Wednesday, March 14, 2012

Run

I'm not training for any marathons. I'm not doing it to lose weight, although I've noticed some areas of my body starting to become toned and defined. I don't do it for the exercise, although I will admit that I'm seriously out of shape. I run because it helps.

It helps me think, like the fog of every day stress and bullshit (pardon my language) of life is being lifted, if only briefly, giving me a chance to see things clearly or at least in a different light. It helps me let go of things like anger and frustration. It allows for me to put all that negative energy into each and every step so that by the time I'm finished, too tired to go another inch, I feel as if the weight of the world has been lifted off my shoulders.

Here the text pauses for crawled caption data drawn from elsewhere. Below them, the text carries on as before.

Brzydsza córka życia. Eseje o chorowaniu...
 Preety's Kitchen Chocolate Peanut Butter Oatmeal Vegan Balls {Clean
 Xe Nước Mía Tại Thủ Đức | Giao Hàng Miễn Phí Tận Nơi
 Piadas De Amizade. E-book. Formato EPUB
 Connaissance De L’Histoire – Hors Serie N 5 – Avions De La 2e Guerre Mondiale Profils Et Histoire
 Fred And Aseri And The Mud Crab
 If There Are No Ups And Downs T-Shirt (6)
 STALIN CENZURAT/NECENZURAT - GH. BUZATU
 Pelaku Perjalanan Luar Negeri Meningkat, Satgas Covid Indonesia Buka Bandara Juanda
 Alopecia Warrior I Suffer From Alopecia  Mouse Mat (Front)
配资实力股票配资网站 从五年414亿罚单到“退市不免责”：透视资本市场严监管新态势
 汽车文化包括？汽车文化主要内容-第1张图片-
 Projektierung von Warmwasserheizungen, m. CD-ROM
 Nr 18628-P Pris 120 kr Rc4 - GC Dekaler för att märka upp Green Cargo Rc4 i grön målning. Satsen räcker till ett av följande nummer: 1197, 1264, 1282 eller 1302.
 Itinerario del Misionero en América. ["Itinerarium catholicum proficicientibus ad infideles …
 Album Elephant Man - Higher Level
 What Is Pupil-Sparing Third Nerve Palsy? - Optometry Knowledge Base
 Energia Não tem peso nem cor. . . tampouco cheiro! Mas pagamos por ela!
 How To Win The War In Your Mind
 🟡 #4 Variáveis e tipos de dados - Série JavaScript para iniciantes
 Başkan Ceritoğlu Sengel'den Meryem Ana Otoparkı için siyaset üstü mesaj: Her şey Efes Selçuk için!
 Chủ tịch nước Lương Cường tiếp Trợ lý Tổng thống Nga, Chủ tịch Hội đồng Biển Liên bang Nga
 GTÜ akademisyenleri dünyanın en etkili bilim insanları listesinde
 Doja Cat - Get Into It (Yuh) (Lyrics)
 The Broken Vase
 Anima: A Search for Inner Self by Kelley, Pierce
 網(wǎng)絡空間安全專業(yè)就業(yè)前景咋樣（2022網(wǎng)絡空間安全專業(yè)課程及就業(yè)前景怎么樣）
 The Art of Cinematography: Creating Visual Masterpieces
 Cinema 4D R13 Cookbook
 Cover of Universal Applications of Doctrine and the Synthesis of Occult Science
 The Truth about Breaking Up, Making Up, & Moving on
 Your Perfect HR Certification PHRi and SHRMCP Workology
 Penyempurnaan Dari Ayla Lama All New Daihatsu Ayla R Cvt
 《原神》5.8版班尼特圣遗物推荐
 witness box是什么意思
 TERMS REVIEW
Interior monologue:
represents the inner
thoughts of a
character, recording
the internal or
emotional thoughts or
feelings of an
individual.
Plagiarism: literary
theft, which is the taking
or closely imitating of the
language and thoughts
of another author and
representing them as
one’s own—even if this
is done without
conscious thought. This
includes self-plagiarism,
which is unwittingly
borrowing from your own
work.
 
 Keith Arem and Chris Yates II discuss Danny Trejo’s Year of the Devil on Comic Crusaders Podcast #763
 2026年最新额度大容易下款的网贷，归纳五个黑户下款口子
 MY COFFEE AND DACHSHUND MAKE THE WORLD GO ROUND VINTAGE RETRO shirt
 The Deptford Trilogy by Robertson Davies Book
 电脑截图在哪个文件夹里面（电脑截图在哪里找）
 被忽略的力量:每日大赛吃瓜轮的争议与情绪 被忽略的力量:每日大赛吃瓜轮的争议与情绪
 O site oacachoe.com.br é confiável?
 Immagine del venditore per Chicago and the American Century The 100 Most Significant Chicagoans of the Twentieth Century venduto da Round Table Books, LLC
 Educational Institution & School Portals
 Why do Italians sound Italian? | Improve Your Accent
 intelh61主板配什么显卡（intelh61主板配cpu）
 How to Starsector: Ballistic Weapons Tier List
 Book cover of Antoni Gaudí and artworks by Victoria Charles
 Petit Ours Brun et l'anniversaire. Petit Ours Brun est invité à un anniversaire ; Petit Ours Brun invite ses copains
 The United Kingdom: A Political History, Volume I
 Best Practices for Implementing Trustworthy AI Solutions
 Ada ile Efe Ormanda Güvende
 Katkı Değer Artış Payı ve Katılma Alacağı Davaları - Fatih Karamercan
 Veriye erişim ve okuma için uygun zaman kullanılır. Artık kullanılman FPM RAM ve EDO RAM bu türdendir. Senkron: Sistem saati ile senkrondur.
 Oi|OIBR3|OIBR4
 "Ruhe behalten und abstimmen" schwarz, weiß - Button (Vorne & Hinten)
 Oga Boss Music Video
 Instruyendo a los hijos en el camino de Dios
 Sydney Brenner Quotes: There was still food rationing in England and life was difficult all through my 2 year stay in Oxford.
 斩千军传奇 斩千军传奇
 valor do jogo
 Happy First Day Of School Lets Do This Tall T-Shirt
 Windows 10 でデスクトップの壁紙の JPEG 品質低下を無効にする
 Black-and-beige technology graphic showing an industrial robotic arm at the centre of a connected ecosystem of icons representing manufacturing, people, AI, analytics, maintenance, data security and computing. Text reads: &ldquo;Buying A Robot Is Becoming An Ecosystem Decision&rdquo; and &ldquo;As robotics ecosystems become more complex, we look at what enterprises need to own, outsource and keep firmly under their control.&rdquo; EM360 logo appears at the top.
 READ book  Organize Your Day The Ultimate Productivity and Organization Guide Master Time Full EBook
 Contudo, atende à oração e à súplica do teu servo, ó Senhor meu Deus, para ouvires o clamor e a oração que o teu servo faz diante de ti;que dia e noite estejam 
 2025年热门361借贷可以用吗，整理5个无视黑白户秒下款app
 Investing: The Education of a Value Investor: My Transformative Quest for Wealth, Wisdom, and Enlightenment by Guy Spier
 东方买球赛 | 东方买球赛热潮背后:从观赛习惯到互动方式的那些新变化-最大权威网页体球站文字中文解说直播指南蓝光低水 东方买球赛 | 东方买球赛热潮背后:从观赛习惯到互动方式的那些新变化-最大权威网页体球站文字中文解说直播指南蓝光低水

My mind is always so crowded, thoughts constantly pushing and shoving one another in order to get to the front of the line, so to speak. My mind never rests. Running gives me that option. I can think, or I can choose to turn up the volume on my iPod with my only thought being, 'just breathe.'

You don't realize how much you think until you aren't thinking, or thinking less than usual that is, because, let's be honest, there is never really a time in our lives where we're not thinking about anything at all. It's humanly impossible. But for you to understand my thought process, while I'm running it's as if I have the power to hit that non-existent switch in my brain labeled 'thoughts' from on to off, for just a few minutes.

I run because it feels good. Not during the run, no, I will admit that part sucks. I'm out of breath, my shins are killing me (I've got shin splints to thank for that), I'm sweating (obviously), and my hair's usually stuck to my face. But the second my heart rate manages to slow itself, I feel ten times better than I did when I started my run. I'm happy.

I'm proud, too. Because for once in my life I am able to discipline myself.

To be honest, I actually really dislike running. It takes all my willpower to slip on my shoes, grab my iPod, and head out the door. I could easily tell myself I'll go tomorrow, I'm too tired, etc. But I don't. And that means I'm that much closer to having control of my life again. No words can describe how good that feels.

By control I mean having the ability to make decisions that although they may not benefit me at the moment, they're doing wonders for me in the long run. The fact that I am able to motivate myself to go every day means that I have regained the ability and understanding that nothing worth having in life comes easily and that hard work, perseverance, and a little sweat, make the outcome so much sweeter.

I run because at the end of the day, I know that I've got nothing to lose (aside from my breath and a few places that were beginning to look a little flabby to be completely honest, although I will stand by my previous argument that this is not about losing weight, it is another perk), and so much more to gain from it.